* Work instruction
Starting at the line that contains "Textil karszalag (15x340mm, egy", please transcribe every line through the end of the entries, exactly and with no pictures.

(Web page caption snippets)
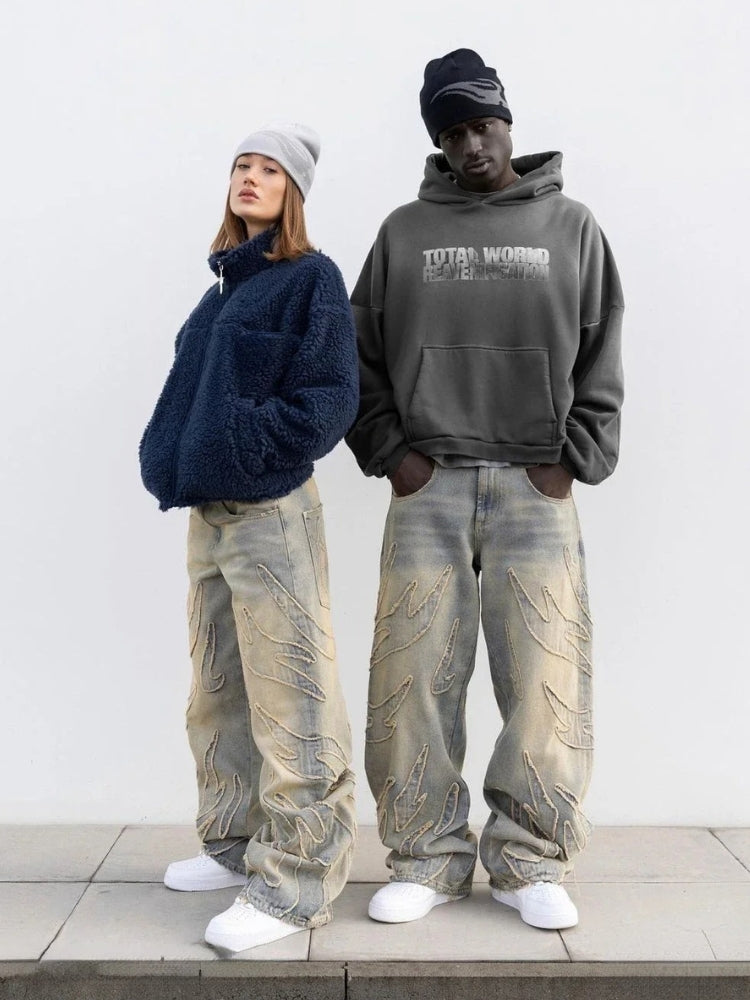 Unisex Loose-Fit Distressed Washed Denim Jeans Gray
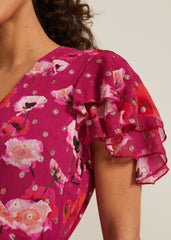 Petite Nadine Ruffle Print Dress Multi-Coloured
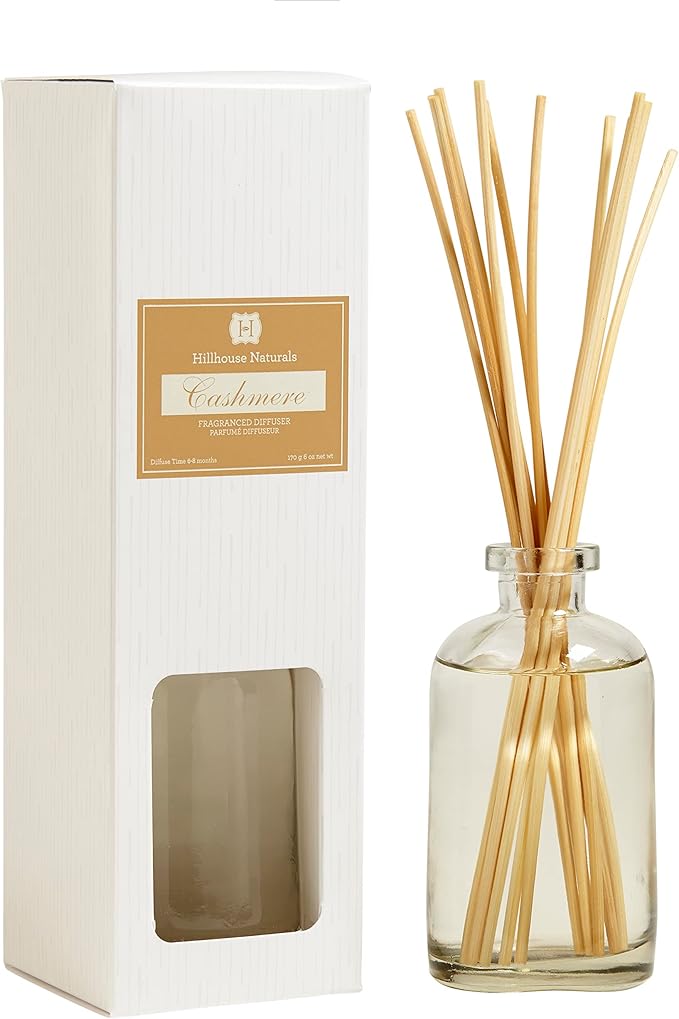 Hillhouse Naturals Reed Diffuser Set - Cashmere Scent Diffuser - Reed Diffusers for Home with Long Lasting Fragrance – 6 oz Oil – Diffuse Time 4-6 Months – Made in The USA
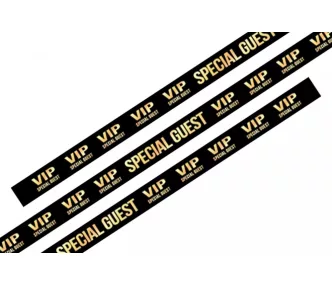   Textil karszalag (15x340mm, egy oldalon színes nyomással) - fekete önzáró műanyag gyűrűvel - VIP Special Guest mintás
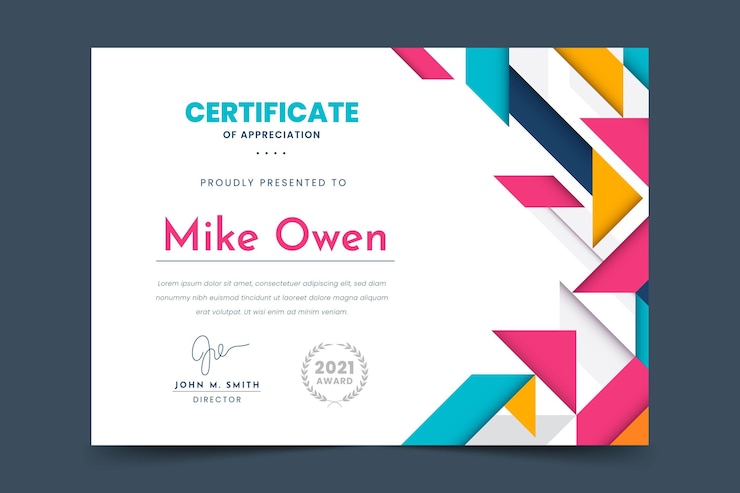 Free Vector flat modern certificate template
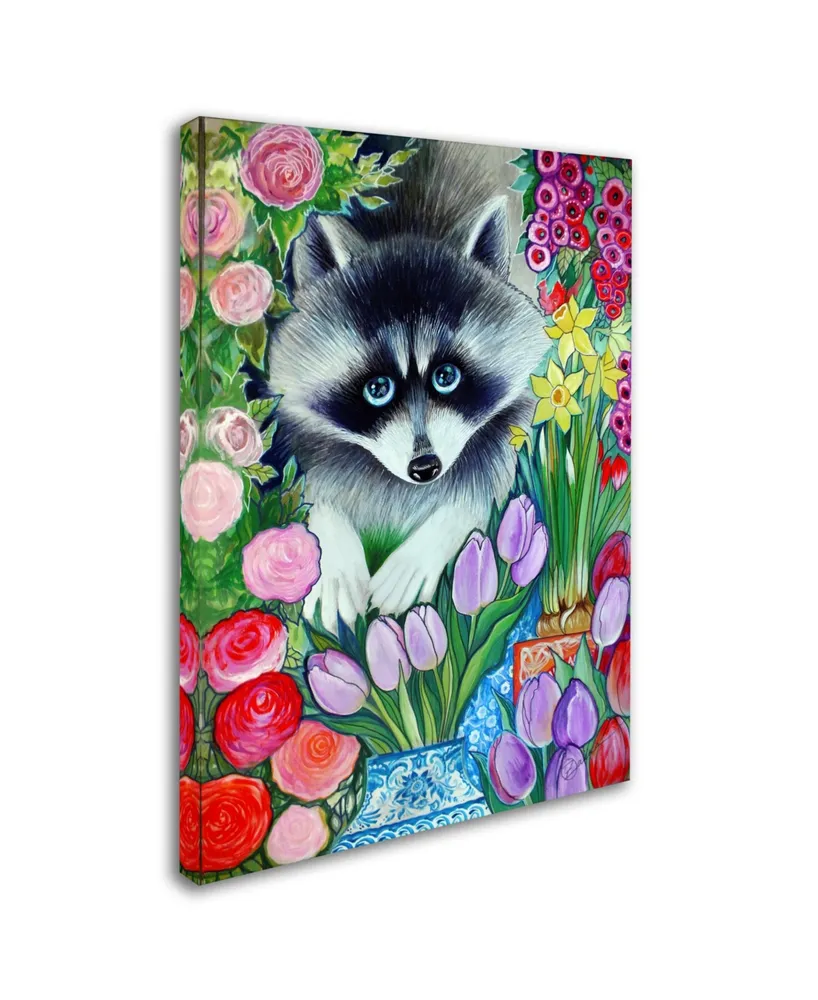 Oxana Ziaka 'Raccoon' Canvas Art - 19" x 14" x 2"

* Exercise result
   Textil karszalag (15x340mm, egy oldalon színes nyomással) - fekete önzáró műanyag gyűrűvel - VIP Special Guest mintás
 Free Vector flat modern certificate template
 Oxana Ziaka 'Raccoon' Canvas Art - 19" x 14" x 2"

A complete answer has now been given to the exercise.